About Ann Waldron
Ann Waldron is a published author of children's books and young adult books. Some of the published credits of Ann Waldron include Scaredy Cat, The Integration of Mary-Larkin Thornhill, The Luckie Star.
Ann Waldron was born in Birmingham, Alabama and grew up on Cotton Avenue in West End. She went to Hemphill Grammar School and West End High School. She and her parents and older sister lived three blocks from the Vine Street Presbyterian Church, which they attended twice every Sunday and on Wednesday nights for prayer meeting. They spent summers on an 80-acre farm her parents owned in St. Clair County, near Cook Springs.
Ann was co-editor of her high school newspaper (the principal decreed that, although she was able enough, she was too much of a discipline problem to be the editor in chief). She did become editor of the Crimson-White, the student newspaper at the University of Alabama, from which she graduated in 1945. She attended Hudson Strode's creative writing class at the university and appeared in Blackfriars plays.

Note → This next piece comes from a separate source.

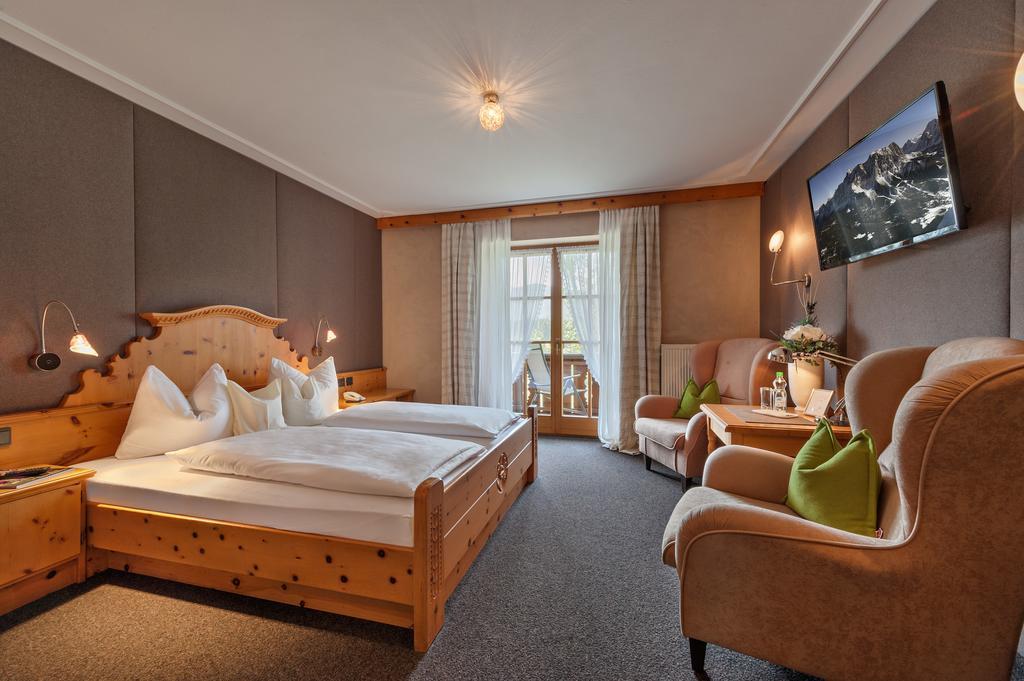 Landhotel Zum Bad Krün エクステリア 写真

Her first job was with the Atlanta Constitution, where she was a reporter for two and a half years. It was there that she met her husband, Martin Waldron, who was then a student at Georgia Tech and who happened to see an advertisement for a copy boy's job on a bulletin board at Tech. He applied, got the job, and never looked back. He realized that he was destined to be a newspaper reporter, not an engineer, and he dropped out of Tech.
Martin later finished college at Birmingham-Southern while he worked for the Birmingham Post-Herald. Ann worked on The Progressive Farmer magazine. When Martin was hired by the Tampa Tribune the Waldrons, with their two children, Peter and Lolly, moved to Florida, where Martin first covered the citrus industry in Lakeland, and then the state capitol in Tallahassee.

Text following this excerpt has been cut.